I think the order of newer Penn spinning is Battle>Sargus>Fierce. You get what you pay for. I don't know if the 7500ss is still for sale new anymore. I thought they replaced it with the 750ssm.


----------



## sniperpeeps (Mar 5, 2011)

I have a Fierce 5000 that has performed flawlessly spooled with 30 lb braid


----------



## missplaced_idahoan (Feb 2, 2013)

goheel said:


> I think the order of newer Penn spinning is Battle>Sargus>Fierce. You get what you pay for. I don't know if the 7500ss is still for sale new anymore. I thought they replaced it with the 750ssm.

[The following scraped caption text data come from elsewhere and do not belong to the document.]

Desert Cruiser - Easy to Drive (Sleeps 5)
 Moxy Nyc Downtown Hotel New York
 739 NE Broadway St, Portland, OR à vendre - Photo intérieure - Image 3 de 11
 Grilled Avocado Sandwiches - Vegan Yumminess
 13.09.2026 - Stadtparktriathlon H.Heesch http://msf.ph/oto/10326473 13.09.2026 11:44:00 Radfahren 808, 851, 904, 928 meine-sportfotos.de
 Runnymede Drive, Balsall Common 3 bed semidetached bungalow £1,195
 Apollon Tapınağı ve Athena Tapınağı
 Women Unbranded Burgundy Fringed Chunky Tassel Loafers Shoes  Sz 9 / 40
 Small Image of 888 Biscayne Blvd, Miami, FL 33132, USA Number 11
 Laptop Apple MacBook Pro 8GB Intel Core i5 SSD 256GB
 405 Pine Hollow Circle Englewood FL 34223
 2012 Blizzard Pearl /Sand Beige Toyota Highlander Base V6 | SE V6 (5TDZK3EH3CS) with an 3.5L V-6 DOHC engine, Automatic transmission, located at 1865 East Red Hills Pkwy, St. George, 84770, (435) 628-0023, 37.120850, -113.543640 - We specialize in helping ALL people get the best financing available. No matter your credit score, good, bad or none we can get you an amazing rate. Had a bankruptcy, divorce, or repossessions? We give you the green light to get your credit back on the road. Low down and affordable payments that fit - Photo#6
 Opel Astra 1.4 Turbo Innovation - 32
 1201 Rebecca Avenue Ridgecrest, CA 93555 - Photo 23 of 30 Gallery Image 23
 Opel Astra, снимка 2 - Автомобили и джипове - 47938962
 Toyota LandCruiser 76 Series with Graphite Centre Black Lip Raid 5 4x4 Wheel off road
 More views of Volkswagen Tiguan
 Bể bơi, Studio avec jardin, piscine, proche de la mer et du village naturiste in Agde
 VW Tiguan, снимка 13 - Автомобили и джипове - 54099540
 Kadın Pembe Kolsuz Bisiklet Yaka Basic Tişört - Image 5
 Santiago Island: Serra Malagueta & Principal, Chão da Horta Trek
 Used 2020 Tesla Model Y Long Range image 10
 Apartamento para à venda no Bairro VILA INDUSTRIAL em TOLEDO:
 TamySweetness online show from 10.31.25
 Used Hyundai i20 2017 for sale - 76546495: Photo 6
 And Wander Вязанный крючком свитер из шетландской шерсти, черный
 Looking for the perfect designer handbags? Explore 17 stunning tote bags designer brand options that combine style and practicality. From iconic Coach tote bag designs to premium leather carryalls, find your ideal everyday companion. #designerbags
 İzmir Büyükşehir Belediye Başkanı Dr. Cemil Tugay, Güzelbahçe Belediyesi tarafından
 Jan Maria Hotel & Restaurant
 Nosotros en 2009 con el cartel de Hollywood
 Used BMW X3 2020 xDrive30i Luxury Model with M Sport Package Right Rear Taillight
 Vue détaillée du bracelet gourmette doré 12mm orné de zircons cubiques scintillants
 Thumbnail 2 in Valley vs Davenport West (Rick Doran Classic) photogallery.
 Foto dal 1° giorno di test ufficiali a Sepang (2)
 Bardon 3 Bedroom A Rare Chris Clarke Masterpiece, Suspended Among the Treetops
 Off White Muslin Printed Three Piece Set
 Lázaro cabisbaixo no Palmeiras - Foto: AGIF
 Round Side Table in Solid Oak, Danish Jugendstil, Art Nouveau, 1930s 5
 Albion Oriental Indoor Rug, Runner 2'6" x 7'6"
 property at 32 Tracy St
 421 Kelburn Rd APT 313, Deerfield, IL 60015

 yea i was looking at getting a rebuilt one or possibly a 750ssm, i was wondering because you see so many of the older penns for sale for top dollar and everywhere i go fishing around here people have the older penns but not to often do i see newer ones. just wondering if if there was something i didnt know


----------



## nb&twil (Oct 2, 2007)

The SSM and SSg reels ave actually been replaced by the new SSV spinfishers. They are a step above other models of the SS. They have an upgraded drag with HT100 material washers (same drag material that used to be in the internationals, been around a long time, proven to be superior) and a sealed gear box and drag system (rubber seals on top and bottom of the spool, as well as the sideplate, handle, and opposite handle nut). Top notch reels for the money in my opinion. 
If you're looking to spend a tad less, the Battle is a phenomenal reel for the money. Same HT100 drag, but isn't fully sealed. No biggie if you treat your gear well and don't drag your stuff through sand and saltwater. I've landed a lot of big fish on even the 2000 and 3000 size battle. It's a bold statement to make, but I'd go out on a limb and say the Battle is the best reel for the money on the market today, and possibly among the best reels Penn has ever built for its price.
Wugitus, they are very similar reels, built on the same platform. The Battle gives you one more bearing, but more importantly has the HT100 drag (worth the extra $20).


----------



## Fog Ducker (Dec 24, 2009)

You can check out the specs and compare them at http://pennreels.com/products/reels/spinning-reels. A 6000's features (drag, capacity, etc.) can be very different from reel to reel, and not much different than 5000s or 7000s, depending on the family.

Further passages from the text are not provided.